Wasserflaschen aus dem Weg zu räumen oder Zimmerpflanzen umzustellen *g* aber eine stärkere Antenne ist wohl die einfachste Lösung.

Kann man die denn einfach so tauschen? Ich dachte man muss auch auf Stromversorgung achten und oder einen ganz neuen Router besorgen?

----------

## Klaus Meier

Die Ausrichtung bringt auch etwas. Die Antennen sollten möglichst parallel zueinander stehen. Wenn da so ein USB Stick im Rechner steckt, ist das meistens nicht so optimal. Es reicht schon ein einfaches USB Verlängerungskabel. Und dann die Antennen ausrichten.

----------

## tazinblack

Kannst Du nicht die Antenne außen am Schrank oder oben drauf befestigen und ein Antennenkabel zum Router verwenden?

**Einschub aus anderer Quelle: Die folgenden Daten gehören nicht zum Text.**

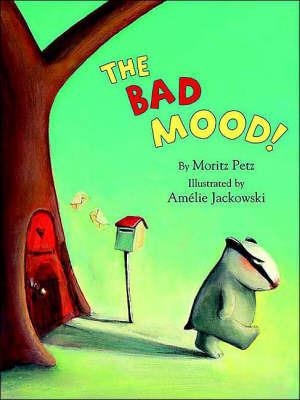 The Bad Mood! - Moritz Petz,Amelie Jackowski - cover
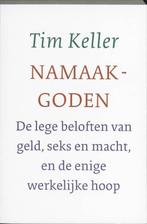 Namaakgoden 9789051943832 Tim Keller, Boeken, Verzenden, Zo goed als nieuw, Tim Keller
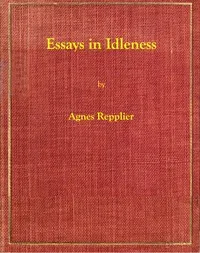 Essays in Idleness — Agnes Repplier cover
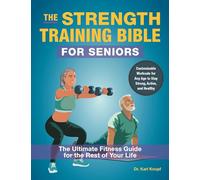 The Strength-Training Bible for Seniors: The Ultimate Fitness Guide for the Rest of Your Life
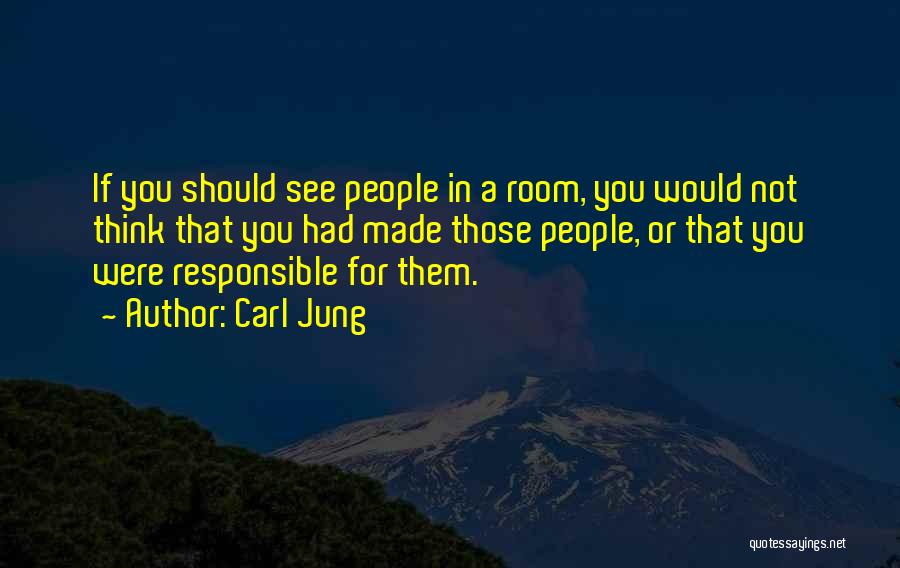 Carl Jung Quotes: If You Should See People In A Room, You Would Not Think That You Had Made Those People, Or That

Wenn Du die Antenne hinten drauf machst, sollte sie optisch nicht weiter stören, es sei denn, das ist ein Riesending.

Dieses hochfrequente Funkzeugs wird doch durch alles mögliche gedämpft.

Ich hab oben im Schlafzimmer auch nen kleinen VDR stehen. Davon ist der WLAN-Router nur ca. 8 Meter entfernt und nur die Decke dazwischen.

Es gibt zwar ne Verbindung, aber leider reicht es nicht, um VDR Aufnahmen vom Wohnzimmer-VDR zu streamen oder das SDTV Lifebild anzuzeigen.

Und das trotz WLAN N.

Momentan hab ich ne Wurfverkabelung vom Büro nebenan. Muss wohl doch durchbohren.   :Sad: 

----------

## Treborius

 *ChrisJumper wrote:*   

> 
> 
> Kann man die denn einfach so tauschen? Ich dachte man muss auch auf Stromversorgung achten und oder einen ganz neuen Router besorgen?

 

der router ist selber gebaut, amd geode mit 500 MHz, da kann ich die antenne einfach abschrauben

und eine neue draufschrauben

ich habe nun die alte 5 dBi mit einer 8 dBi antenne ersetzt, hat die sendeleistung auch erhöht

(bekomme nun wieder eine verbindung), aber link quality liegt vllt bei 15/100

das problem scheint aber eher am atheros treiber zu liegen ...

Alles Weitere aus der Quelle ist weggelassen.